I didn't actually run the code, so it might be slightly off but that's the general idea.

If you want to test the whole plugin, it's possible using the Neovim Python API (you can look at how they do their own testing if you're interested) but it's a lot harder, because ncm-R has a lot of moving parts (talking to Neovim, Nvim-R and to NCM). This is why I usually debug with two tmux panes, one on the left with Neovim and one the right to monitor the logs in real time. It's far from ideal, but I can usually pinpoint the bug after some trial and error.

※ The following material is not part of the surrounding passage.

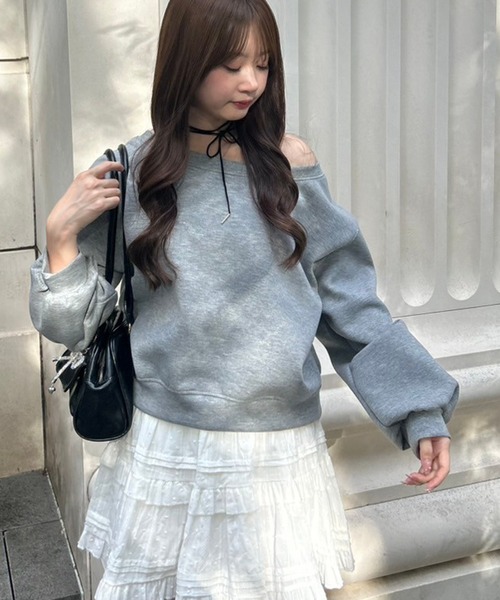 continuer de NICE CLAUP（コンティニューデナイスクラップ）の「【ZOZO限定/インフルエンサー企画】ワンショルトップス（スウェット・レディース・グレー/オフホワイト/ブラック・FREE）」の6枚目の写真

seb-mueller commented 6 years ago

Thanks for the instructions. Having followed your suggestions I got the following results (likewise for flights):

print(rlang.get_function(buff, 7, 10))
#[None, 'select']
print(rlang.get_pipe(buff, 7, 10))
#iris

So I suppose the regex seems to work. As next I wanted to to inspect the workspace and followed again your instructions. Briefly, I've started nvim this way:

NVIM_PYTHON_LOG_FILE=nvim.log NVIM_PYTHON_LOG_LEVEL=INFO NVIM_LISTEN_ADDRESS=/tmp/nvim nvim

Open 2 new tmux panes, one monitoring the logs tail -f nvim.log_py3_cm_core and the other one using firing up a python shell ipython3, which gives me access to the vim buffer etc. as described in the python API guide:

from neovim import attach
# Create a python API session attached to unix domain socket created above:
nvim = attach('socket', path='/tmp/nvim')
buffer = nvim.current.buffer
print(rlang.get_pipe(buffer, 7, 10))
# flights

I haven't worked with this API before and was wondering how to inspect the actuall pyton objects? Is there a way to import it similar to accesing the buffer (i.e. using the above nvim object). In particular the Rsource object and CoreHandler seems to contain all the relevant info, but I don't know how to access it. Hope that is not too confusing, but thanks for any pointers.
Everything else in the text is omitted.